We're looking to migrate some data into InfluxDB. I'm working with InfluxDB 2.0 on a test server to determine the best way to stock our data.

As of today, I have about 2.7 billion series to migrate to InfluxDB but that number will only go up.

Here is the structure of the data I need to stock:

  • ClientId (332 values as of today, string of 7 characters)
  • Driver (int, 45k values as of today, will increase)
  • Vehicle (int, 28k values as of today, will increase)
  • Channel (100 values, should not increase, string of 40 characters)
  • value of the channel (float, 1 value per channel/vehicle/driver/client at a given timestamp)
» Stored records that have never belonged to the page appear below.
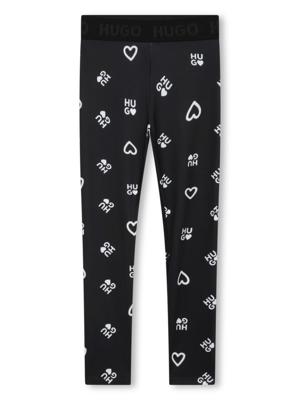 HUGO KIDS Legging met logoprint - Zwart
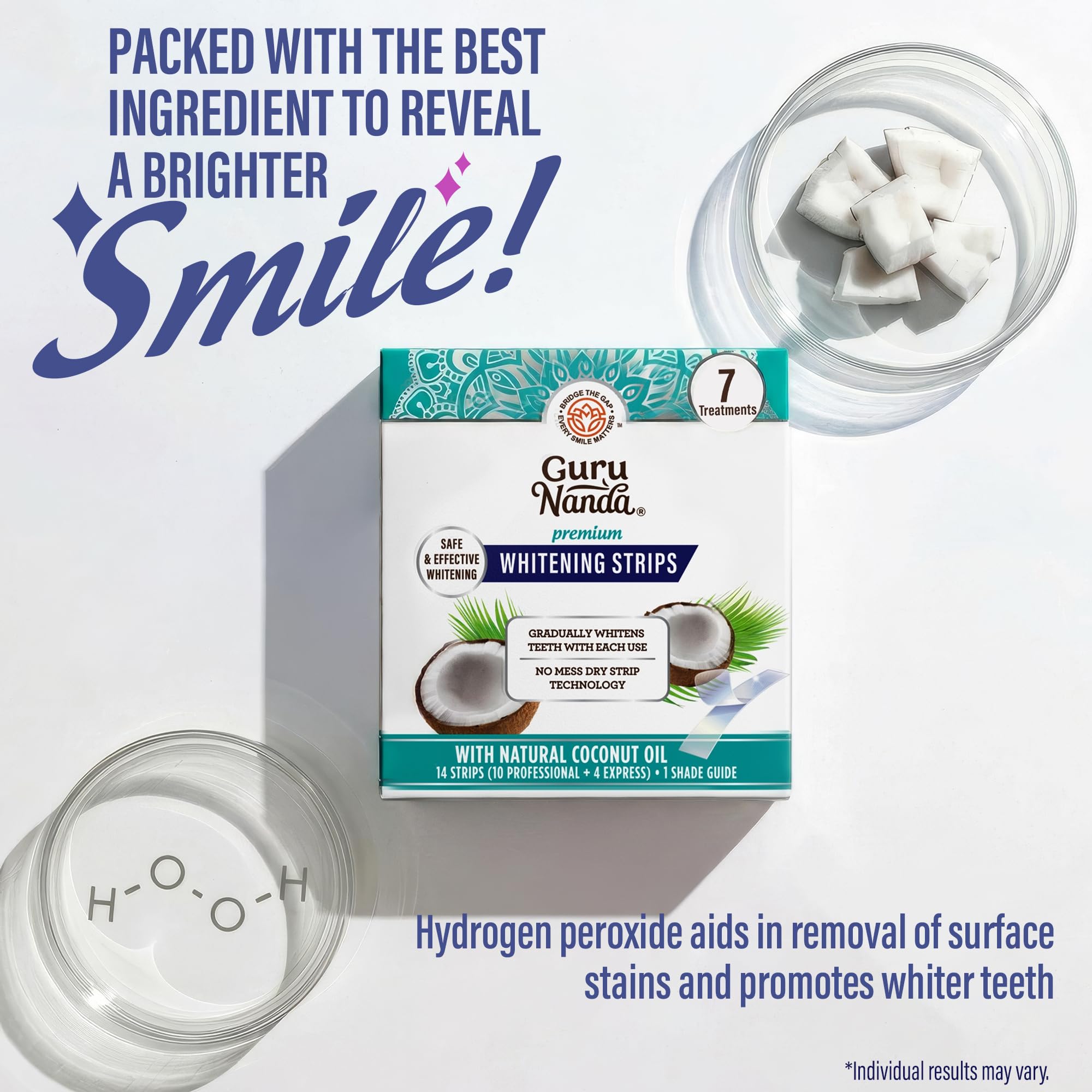 GuruNanda teeth whitening strips kit for 7-day treatment, showing the whitening strips and packaging on a clean surface.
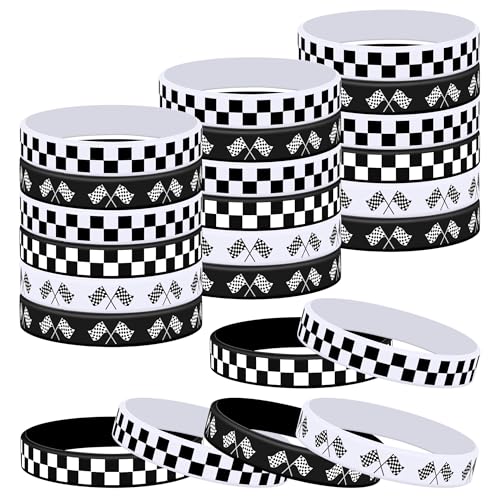 Lesnala 48 Pcs Race car silicone bracelets Checkered...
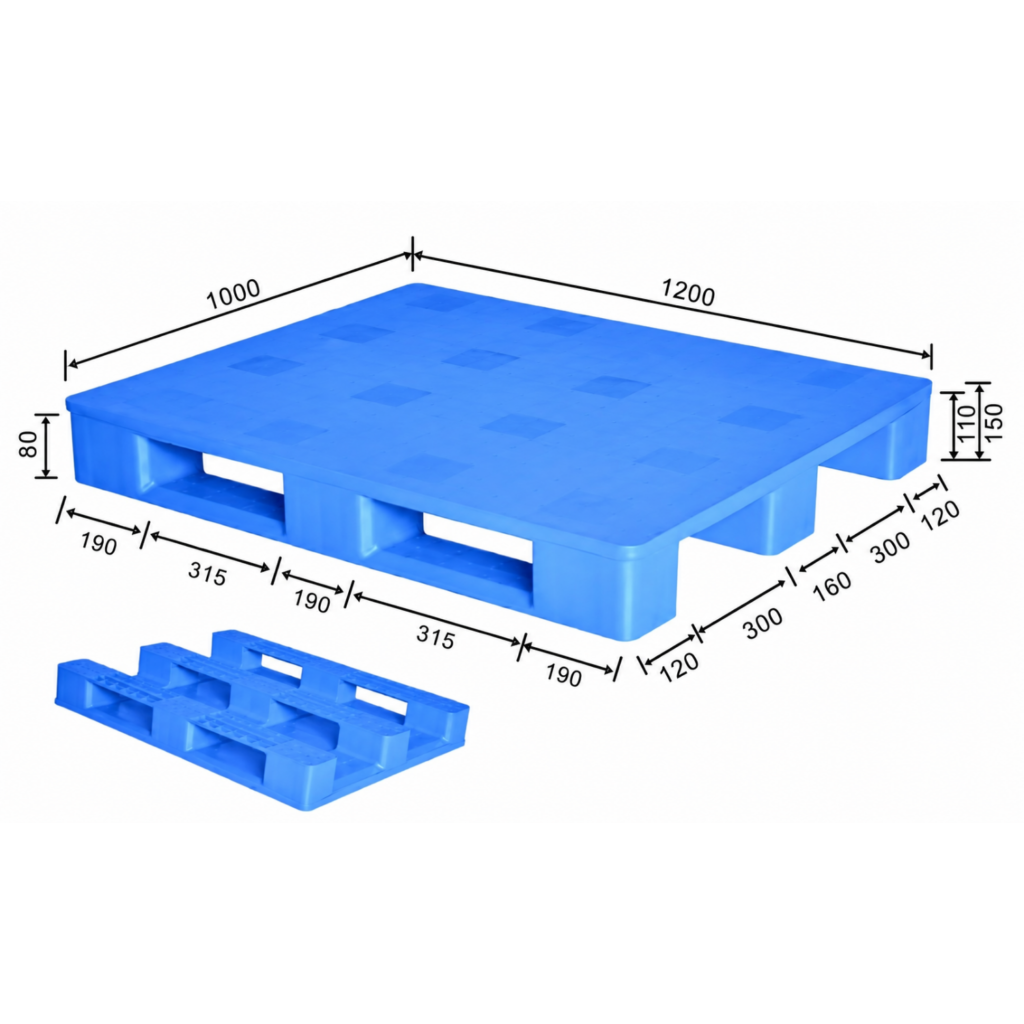 1200 × 1000 × 150mm Rackable Closed Deck Pallet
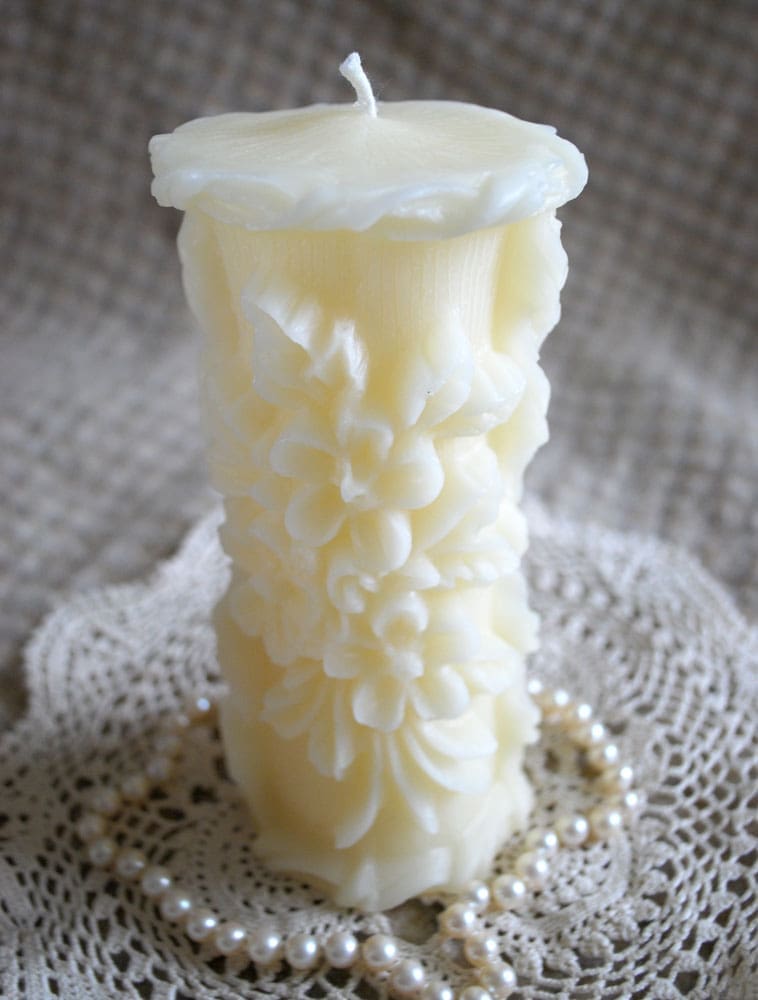 White Beeswax Flower Candle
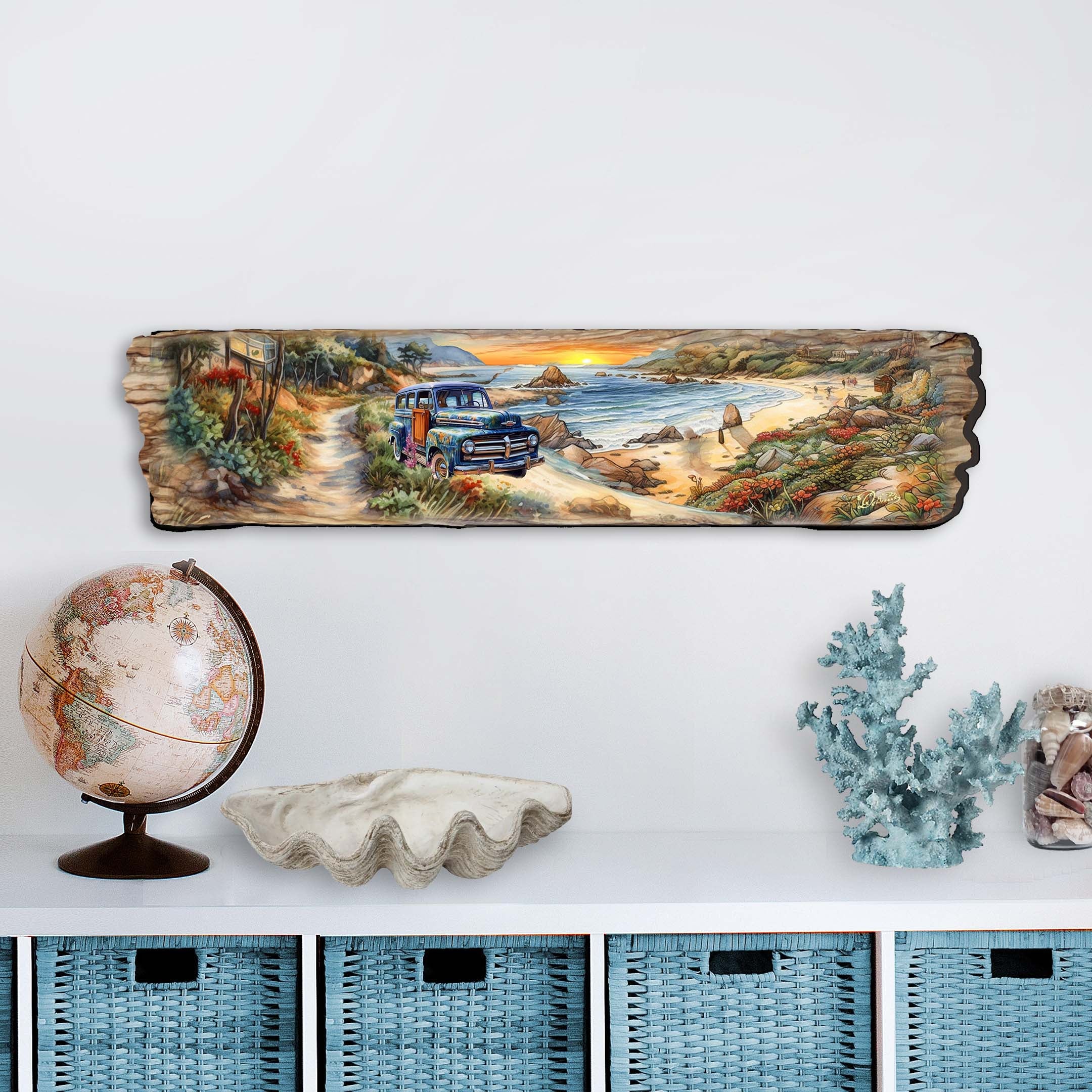 Coastal Sunrise Wooden Wall Art by G. DeBrekht Coastal Décor - 8491111W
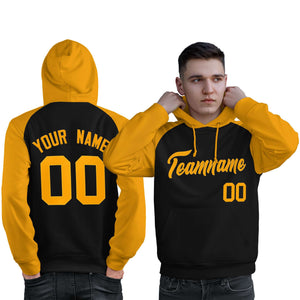 Custom Stitched Black Gold Raglan Sleeves Sports Pullover Sweatshirt Hoodie For Men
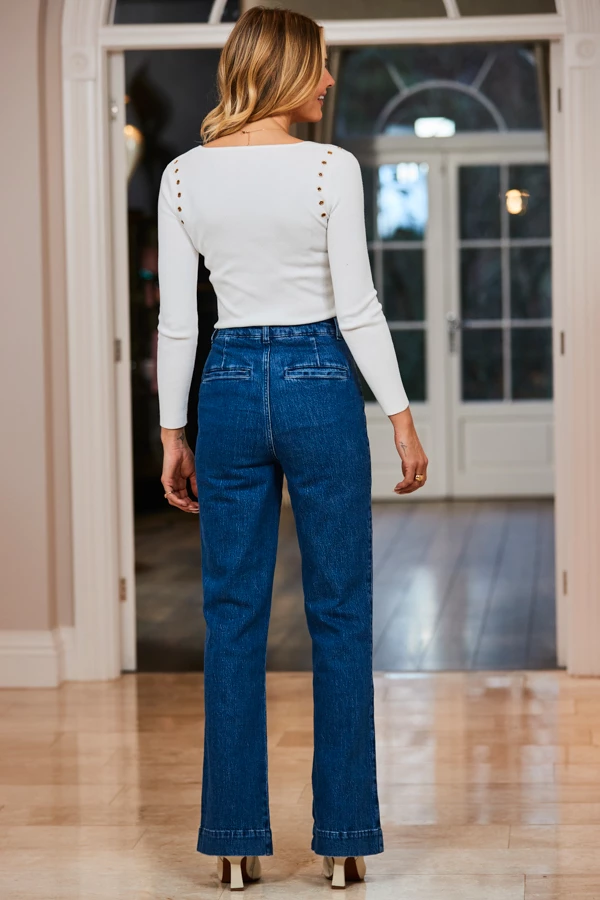 Mid Blue Wide Leg Pocket Detail Jeans 8 Mid Blue Wide Leg Pocket Detail Jeans - Image 6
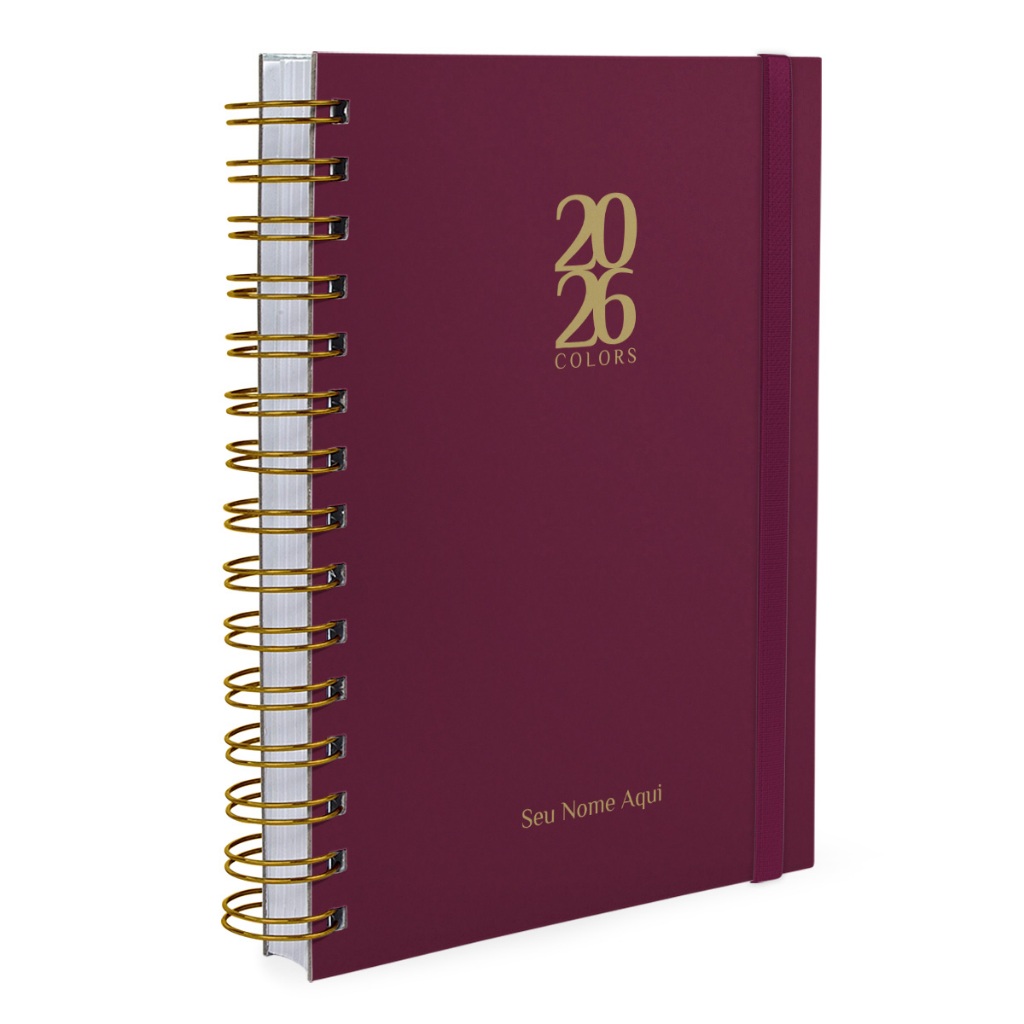 Agenda 2026 Plus Capa Dura Personalizada Solid Colors em Oferta na Shopee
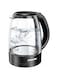 Nikai Electric Glass Kettle, LED Indicator, Auto Shut Off, Cord Storage, 360&deg; Rotating Base, Sleek Design, Anti-Slip Feet, Detachable Filter, Quick Boiling, 1.7L 2200W NK323GX Black/Clear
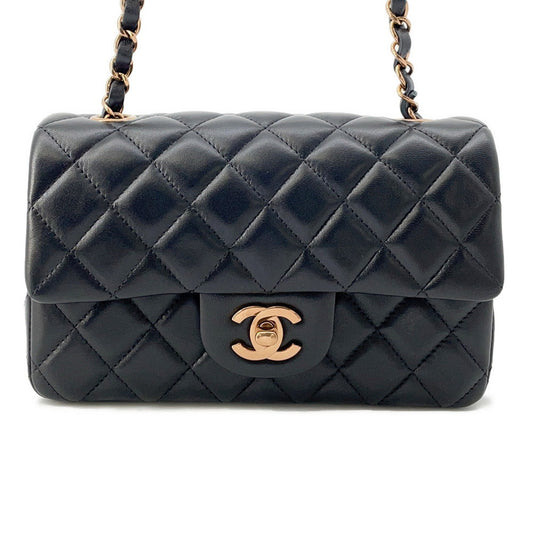 CHANEL Mini Matelasse ChainShoulder Bag BlackA69900 Lambskin Size 20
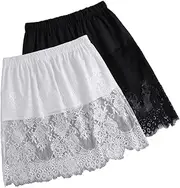 [VERDANVERSE] 2pcs Lace Skirt for Women Fashion Hemline Layering Half Skirts Comfortable Elastic Waistband Chic Design for Casual Outfits
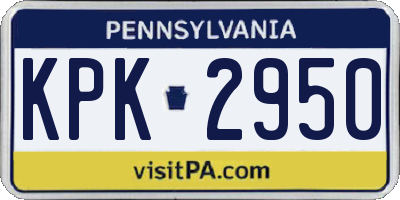 PA license plate KPK2950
At first, I thought of stocking my data this way:

  • One bucket (as all data have the same data retention)
  • Measurements = channels (so 100 kind of measurements are stocked)
  • Tag Keys = ClientId
  • Fields = Driver, Vehicle, Value of channel

This gave me a cardinality of 1 * 100 * 332 * 3 = 99 600 according to this article

But then I realized that InfluxDB handle duplicate based on "measurement name, tag set, and timestamp".

So for my data, this will not work, as I need the duplicate to be based on ClientId, Channel, Vehicle at the minimum.

But if I change my data structure to be stored this way:

  • One bucket (as all data have the same data retention)
  • Measurements = channels (so 100 kind of measurements are stocked)
  • Tag Keys = ClientId, Vehicle
  • Fields = Driver, Value of channel

then I'll get a cardinality of 2 788 800 000.

I understand that I need to keep cardinality as low as possible. (And ideally I would even need to be able to search by driver as well as by vehicle.)

My questions are:

  • If I split the data into different buckets (ex: 1 bucket per clientId), will it decrease my cardinality?
  • What would be the best way to stock data for such a large amount of series?
4

0 回答 0